I have always admired the things that you have been able to accomplish with the equipment that you have at hand.  It is inspiring.

You said that you will perhaps not be responding on this forum for awhile, but perhaps will read some of the posts.

As part of this awesome machining family we have here, I can only ask that you periodically touch bases to let us know you are ok.

All the very best

David


----------



## jpfabricator (Sep 16, 2016)

Godspeed in all you endure brother.

Sent from somwhere in east Texas by Jake!


----------



## francist (Sep 16, 2016)

Wishing you strength for a speedy recovery and return, Mark. We will be thinking of you daily.

-frank


----------



## FLguy (Sep 17, 2016)

As you see here, so many of us enjoy, need your advice, (it's solid), I as so many have said before we wish you the best and believe in  that what ever is in front of you can be handled. So many of us are rooting for you!!!


----------



## LucknowKen (Sep 17, 2016)

Take good care.
lk


----------



## mikey (Sep 17, 2016)

God be with you, Mark. We'll look forward to your return!


----------



## Billh50 (Sep 18, 2016)

Mark,
I hope all works out well for you and that you do return. The things you show people on here are very impressive and we all think highly of you.


----------



## Terrywerm (Sep 18, 2016)

Godspeed, Mark. I have been largely absent lately myself due to issues with my dad. Shop projects are on indefinite hold. I have to go out to the garage and take the time to oil my machines solely to prevent rust, yet don't have the time to use them. I get in here on occasion in an effort to try and catch up, but not nearly as much as I would like. Right now I dream about having the time to do what I would like, but life is about so much more than hobbies or interests. Do what you need to, fight the good fight, and we will all be waiting for you here, thinking about and praying for you in your time of difficulty.

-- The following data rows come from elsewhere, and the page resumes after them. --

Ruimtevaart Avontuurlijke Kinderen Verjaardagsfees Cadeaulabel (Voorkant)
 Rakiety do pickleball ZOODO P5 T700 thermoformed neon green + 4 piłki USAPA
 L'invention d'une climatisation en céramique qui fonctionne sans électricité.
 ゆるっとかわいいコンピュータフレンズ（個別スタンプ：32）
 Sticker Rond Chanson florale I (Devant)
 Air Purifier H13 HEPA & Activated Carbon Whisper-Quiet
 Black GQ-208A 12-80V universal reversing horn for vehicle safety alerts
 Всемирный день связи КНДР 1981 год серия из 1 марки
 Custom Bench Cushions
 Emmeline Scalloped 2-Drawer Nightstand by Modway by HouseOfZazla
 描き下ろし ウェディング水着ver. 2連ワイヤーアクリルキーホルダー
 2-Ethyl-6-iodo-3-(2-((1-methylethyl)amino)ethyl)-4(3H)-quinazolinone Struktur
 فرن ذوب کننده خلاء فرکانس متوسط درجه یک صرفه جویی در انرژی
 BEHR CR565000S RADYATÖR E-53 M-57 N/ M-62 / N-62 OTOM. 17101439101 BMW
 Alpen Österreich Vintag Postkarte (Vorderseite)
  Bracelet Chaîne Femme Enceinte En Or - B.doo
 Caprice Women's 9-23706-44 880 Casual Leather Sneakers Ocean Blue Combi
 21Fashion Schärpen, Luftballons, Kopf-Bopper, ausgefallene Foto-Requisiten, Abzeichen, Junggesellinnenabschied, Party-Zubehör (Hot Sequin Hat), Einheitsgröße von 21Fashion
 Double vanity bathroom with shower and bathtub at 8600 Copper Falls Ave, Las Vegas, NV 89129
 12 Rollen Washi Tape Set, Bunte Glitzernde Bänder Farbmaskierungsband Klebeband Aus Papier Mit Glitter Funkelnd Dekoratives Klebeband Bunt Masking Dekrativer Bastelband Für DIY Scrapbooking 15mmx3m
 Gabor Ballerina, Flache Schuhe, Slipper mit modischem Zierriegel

To everyone else: take the time to be thankful for what you have. Your health, your family, your friends, your occupation, and your machines and hobbies. They are all precious.


----------



## David VanNorman (Sep 20, 2016)

May god carry you over the rough spots and bring you home safe . God bless.


----------



## Firestopper (Sep 20, 2016)

Sir, as many have already stated, you are a true craftsman and inspiration to many of us. May you find peace and comfort. 
Thank you for all you have shared with us. 
Take care.


----------



## ddickey (May 20, 2017)

Did Mark come back yet?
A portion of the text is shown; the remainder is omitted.